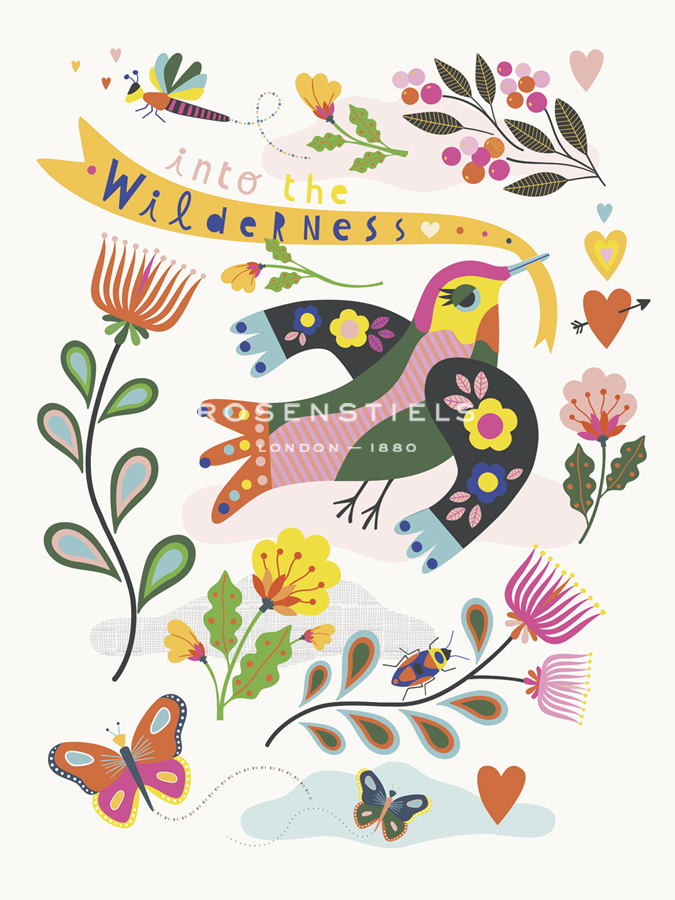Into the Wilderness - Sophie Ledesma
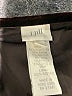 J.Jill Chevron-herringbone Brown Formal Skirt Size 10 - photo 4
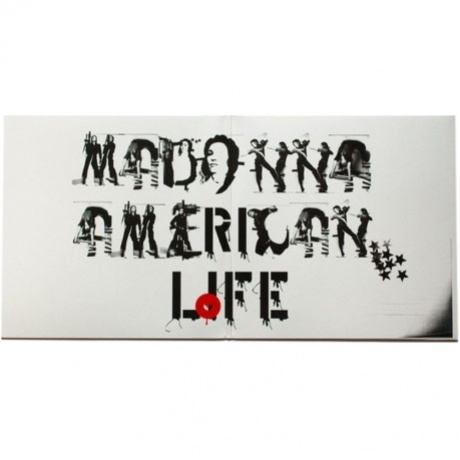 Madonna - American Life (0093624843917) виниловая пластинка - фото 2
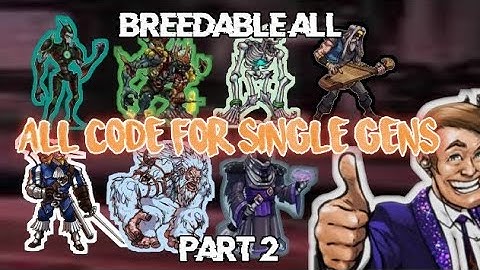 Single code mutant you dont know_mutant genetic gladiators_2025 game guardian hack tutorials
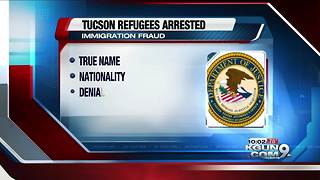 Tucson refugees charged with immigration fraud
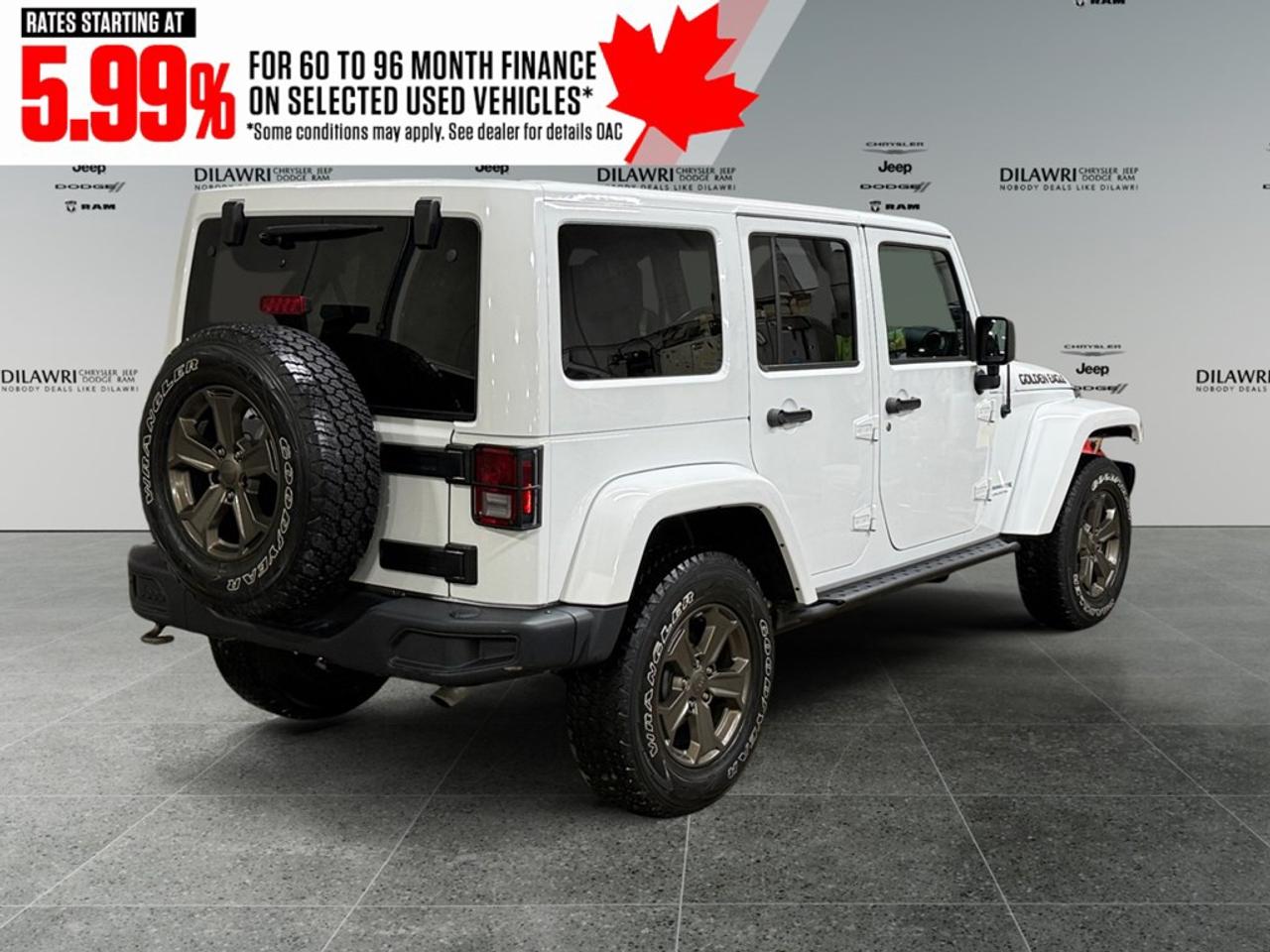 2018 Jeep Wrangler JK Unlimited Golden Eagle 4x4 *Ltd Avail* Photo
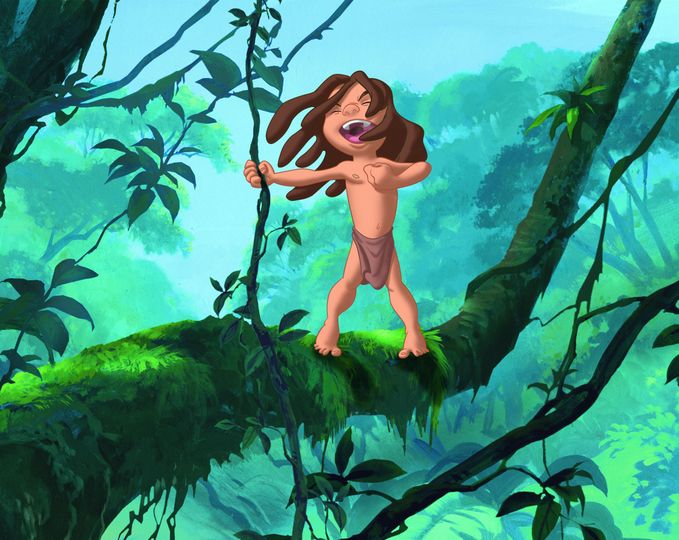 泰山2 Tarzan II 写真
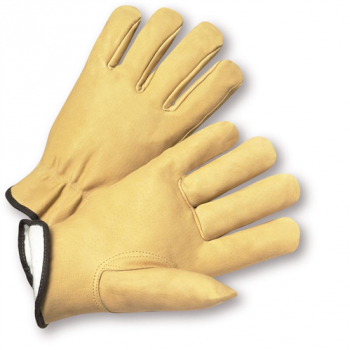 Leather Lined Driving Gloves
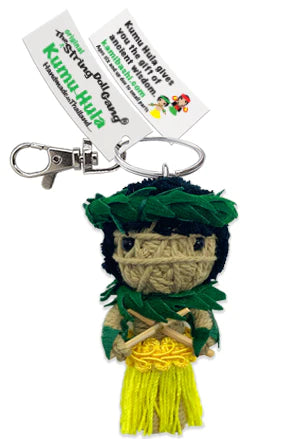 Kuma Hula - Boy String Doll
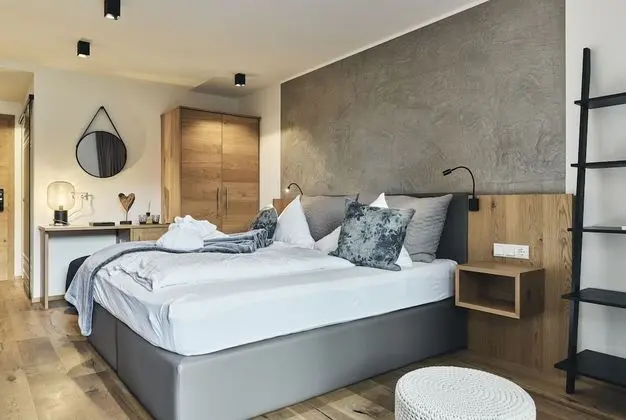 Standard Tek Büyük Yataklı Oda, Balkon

▶ [Exercise directions]:
Set out the material once more, exact in every line, with no images.

▶ [Task answer]:
Into the Wilderness - Sophie Ledesma
 J.Jill Chevron-herringbone Brown Formal Skirt Size 10 - photo 4
 Madonna - American Life (0093624843917) виниловая пластинка - фото 2
 Single code mutant you dont know_mutant genetic gladiators_2025 game guardian hack tutorials
 Tucson refugees charged with immigration fraud
 2018 Jeep Wrangler JK Unlimited Golden Eagle 4x4 *Ltd Avail* Photo
 泰山2 Tarzan II 写真
 Leather Lined Driving Gloves
 Kuma Hula - Boy String Doll
 Standard Tek Büyük Yataklı Oda, Balkon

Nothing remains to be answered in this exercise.